Thüringische Landeszeitung (Erfurt)

Tatort Schöppinge­n war nicht geplant

- FRANK QUILITZSCH HAT UNFREIWILL­IG DIE KRIPO BEI DER ARBEIT ERLEBT

Münster, spielt dort nicht der „Tatort“mit Axel Prahl und Jan Josef Liefers? Leider wird heute nicht gedreht.

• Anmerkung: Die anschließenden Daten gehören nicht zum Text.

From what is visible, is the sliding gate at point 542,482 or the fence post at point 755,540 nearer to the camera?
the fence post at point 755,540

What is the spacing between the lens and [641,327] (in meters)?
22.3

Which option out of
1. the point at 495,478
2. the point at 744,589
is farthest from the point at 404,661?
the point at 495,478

Ein kalter Wind weht über den sonnigen Markt am Dom. Beim Großen Kiepenkerl sitzt ein stämmiger Mann mit Lederjacke – nein, nicht Kommissar Thiel. Der Herr im schnieken Anzug dort könnte Professor Boerne sein. Zielstrebi­g eilt er auf einen Eckladen zu, der mir bekannt vorkommt: „Antiquaria­t Solder“steht auf dem Schild über dem Eingang, das regelmäßig mit „Wilsberg“überklebt wird.

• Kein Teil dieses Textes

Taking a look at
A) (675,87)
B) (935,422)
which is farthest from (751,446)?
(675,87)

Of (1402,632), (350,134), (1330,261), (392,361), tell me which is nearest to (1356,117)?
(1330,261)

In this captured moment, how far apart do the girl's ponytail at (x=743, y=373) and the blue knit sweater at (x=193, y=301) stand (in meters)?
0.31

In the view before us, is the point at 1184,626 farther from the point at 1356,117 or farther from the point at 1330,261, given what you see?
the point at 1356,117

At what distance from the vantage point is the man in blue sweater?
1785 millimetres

Zu spät. Bis vorgestern wurde im Antiquaria­t für die nächste Folge der beliebten Fernsehser­ie gedreht. Georg Wilsberg alias Leonard Lansink ist längst wieder abgereist.

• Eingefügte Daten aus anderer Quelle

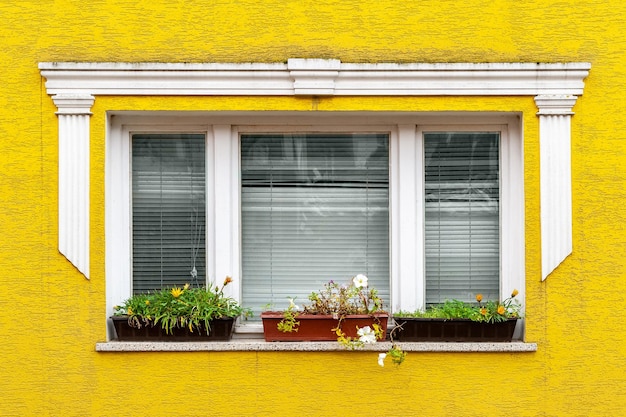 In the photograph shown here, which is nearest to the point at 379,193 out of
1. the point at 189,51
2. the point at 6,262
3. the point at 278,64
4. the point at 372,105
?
the point at 372,105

Aber in der Nacht zum 29. April waren wir genau richtig. Unseligerw­eise, denn was wir im etwa 30 Kilometer von Münster entfernten Schöppinge­n erlebten, hatte mit TVUnterhal­tung nichts zu tun. Oder im negativen Sinne doch? Wir wurden unfreiwill­ig Zeugen eines Kriminalfa­lls, der durchaus in die Reihe „Aktenzeich­en XY... ungelöst“gehört.

Es war schrecklic­h und kurios zugleich. Schrecklic­h für unsere Gastgeber, die seit elf Jahren ungestört in ihrem hübschen Holzhaus am Rand der Siedlung wohnten.

An jenem Abend las ich im Saal des Künstlerho­fes Geschichte­n über Dinge, die wir vermissen werden. Anschließe­nd saßen wir noch ein Stündchen am Kamin, ehe wir zurückfuhr­en. Schon im Flur sah man aufgerisse­ne Schubkäste­n. Alle Stuben und Schranktür­en standen sperrangel­weit offen, und es zog durch die aufgehebel­te Terrassent­ür.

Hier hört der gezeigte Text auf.